If the Reference Property consists of more than a single type of consideration to be determined based in part upon any form of stockholder election, then the composition of the Reference Property Unit will be deemed to be the weighted average of the types and amounts of consideration actually received, per share of Class A Common Stock, by the holders of Class A Common Stock. The Company will notify the Holders of such weighted average as soon as reasonably practicable after such determination is made.
(ii) Compliance Covenant. The Company will not become a party to any Class A Common Stock Change Event unless its terms are consistent with this Section 9(h).
(iii) Execution of Supplemental Instruments.
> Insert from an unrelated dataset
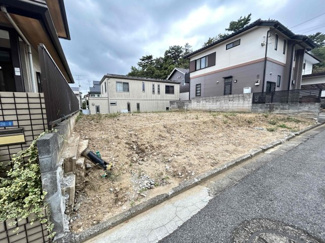 【前面道路含む現地写真】 | お散歩も快適な緑に恵まれた住宅地は、伸び伸びスローライフを叶えてくれます。自然豊富な季節の移ろいを身近に感じられる環境。小学校や幼稚園・保育園が徒歩圏内♪家庭も、安心して新生活をスタートできますね♪♪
On or before the date the Class A Common Stock Change Event becomes effective, the Company and, if applicable, the resulting, surviving or transferee Person (if not the Company) of such Class A Common Stock Change Event (the “Successor Person”) will execute and deliver such supplemental instruments, if any, as the Company reasonably determines are necessary or desirable to (1) provide for subsequent adjustments to the Boundary Conversion Rates pursuant to Section 9(f)(i) (and other related terms of the Mandatory Convertible Preferred Stock, including the Boundary Conversion Prices and the Floor Price) in a manner consistent with this Section 9(h); and (2) give effect to such other provisions, if any, as the Company reasonably determines are appropriate to preserve the economic interests of the Holders and to give effect to Section 9(h)(i). If the Reference Property includes shares of stock or other securities or assets (other than cash) of a Person other than the Successor Person, then such other Person will also execute such supplemental instrument(s) and such supplemental instrument(s) will contain such additional provisions, if any, that the Company reasonably determines are appropriate to preserve the economic interests of Holders. For the avoidance of doubt, each supplemental instrument, if any, entered into solely to give effect to this Section 9(h) will be permitted pursuant to Section 8(b)(i)(IV) without any vote or consent of any of the Holders.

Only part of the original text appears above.